The true cost of ignoring your mental health

Employment lawyers reveal why HR needs to take the lead in workplace discussions

The true cost of ignoring your mental health

Mental Health Day should be a reminder for employers to take up the call to action and facilitate discussions in the workplace, according to McDonald Murholme principal lawyer, Andrew Jewell.

“Discussing mental health can go a long way to help employees feel supported and is part of an employer’s legal obligation to create a safe working environment,” he said.

Jewell added that “having mental health policies in place isn’t enough”, as employers must act on them as well.

“Showing employees that you are sympathetic to their struggles can be as simple as making reasonable adjustments to employment conditions or expectations for a particular employee,” said Jewell.

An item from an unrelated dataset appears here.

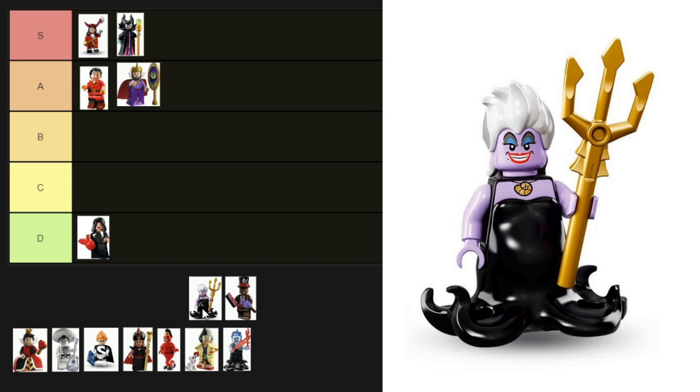Next is Ursula from the first Disney CMF series. It's very clear to see who this minifigure is supposed to be — her face is perfectly Ursula, her hair is great too. Her torso is printed and includes the shell necklace that held Ariel's voice, and she has tentacle legs. Is she an S tier or an A tier? I can't think how they could improve her — she's got to go to S tier.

Jewell said that if an employee feels discriminated against based on a mental illness, this could exacerbate it further.

“The employee may also be eligible to make a claim under the general protections provisions of the Fair Work Act 2009 (cth).”

Jewell advised that employees suffering from a mental health condition should seek medical advice before revealing a condition to their employer.

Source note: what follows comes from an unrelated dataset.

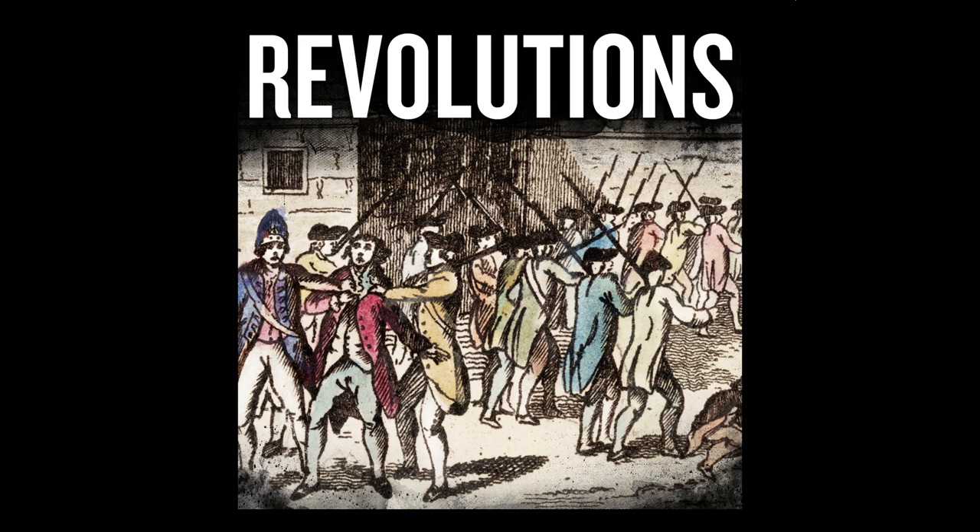Next week, Cromwell will take yet another crack at trying to devise a system of government for Britain. Though the instrument of government would remain in force, the second Protectorate parliament would not be called until September 1656. In the meantime, power would be wielded directly by a group of major generals operating through an administrative framework invented by Cromwell out of whole cloth. But trying to simply govern the country would not be the Lord Protector's only problem, as yet another royalist uprising will plague him at home, while the collapse of the so-called Western design abroad will utterly demoralize him and force Cromwell to question whether God had finally abandoned him.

Moreover, recent research by Robert Half found that while most companies have already introduced initiatives for staff, 93% think a number of other initiatives should be introduced.

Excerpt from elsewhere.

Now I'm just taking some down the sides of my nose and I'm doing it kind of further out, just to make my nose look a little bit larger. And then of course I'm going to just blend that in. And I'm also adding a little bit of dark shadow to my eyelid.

These include mental health training for staff (37%), hiring contract/temporary workers to alleviate high workloads (35%), access to onsite mental health professionals (29%), counselling services (24%), flexible working arrangements (19%), and employee assistance programs (14%).

Nicole Gorton, director of Robert Half Australia, said that failing to offer mental health initiatives in the workplace is likely to have a negative impact - not just on employees who suffer greater risk of being overworked and stressed.

Indeed, it will also mean companies can experience longer-term harm from increased sick leave, low morale, and decreased productivity.

“Investing in mental health initiatives has never been more important to protecting the business’ bottom line and maintaining a reputation as a great place to work.”